The girls, who are between 12 and 17 years old, go to Emma’s Home in search of opportunities to learn, grow and experience a family-like environment many of them have never had, said Tenaglia, who is a director at the Durham-based Transforming Hope Ministries.
“Some part of the girls wants to be healed, but they still have some attachment to their trafficker because they didn’t see them as a trafficker — they were a boyfriend or someone who they thought cared about them,” she said.
The Polaris Project, a national organization that raises awareness and compiles data about human trafficking, ranks North Carolina as a top-10 state for human trafficking, which includes both labor and sex trafficking.

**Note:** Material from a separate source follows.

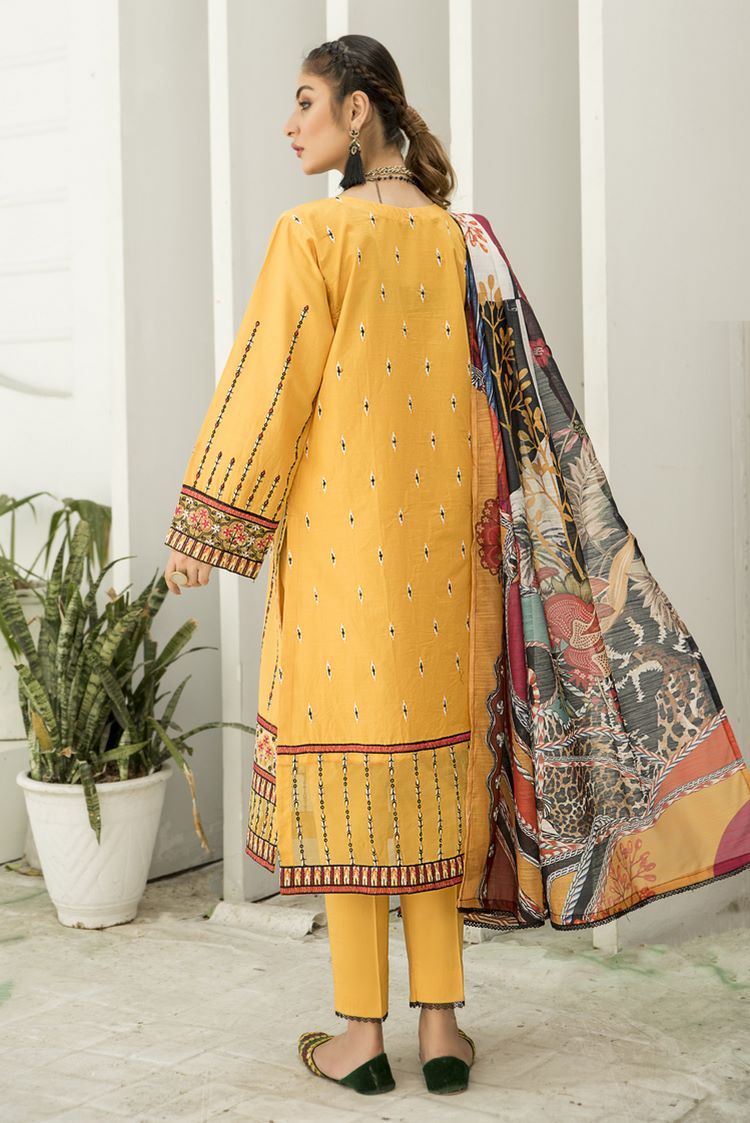 Picture of 3-PC Stitched Cambric Cotton Suit - Available at Raja Sahib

The rankings are based on the number of calls the project’s hotline receives from each state. Calls range from responding to incidents to providing general information.
Megan Fowler, spokeswoman for the project, said national statistics concerning human trafficking victims do not paint the full picture because of the nature of the crime.
Fowler said many cases are unreported because some victims of sex trafficking do not realize they are victims. Sex traffickers manipulate victims into believing that they are participants because of personal choices, she said, not because it has been forced upon them.
“It’s a very hidden crime,” she said. “One where not a lot of data is being collected and one where there is widespread misunderstanding of what sex trafficking is and looks like.”
Sen. Thom Goolsby, R-New Hanover, introduced a bill in the N.C. General Assembly last month that aims to toughen the penalties for sex trafficking in the state.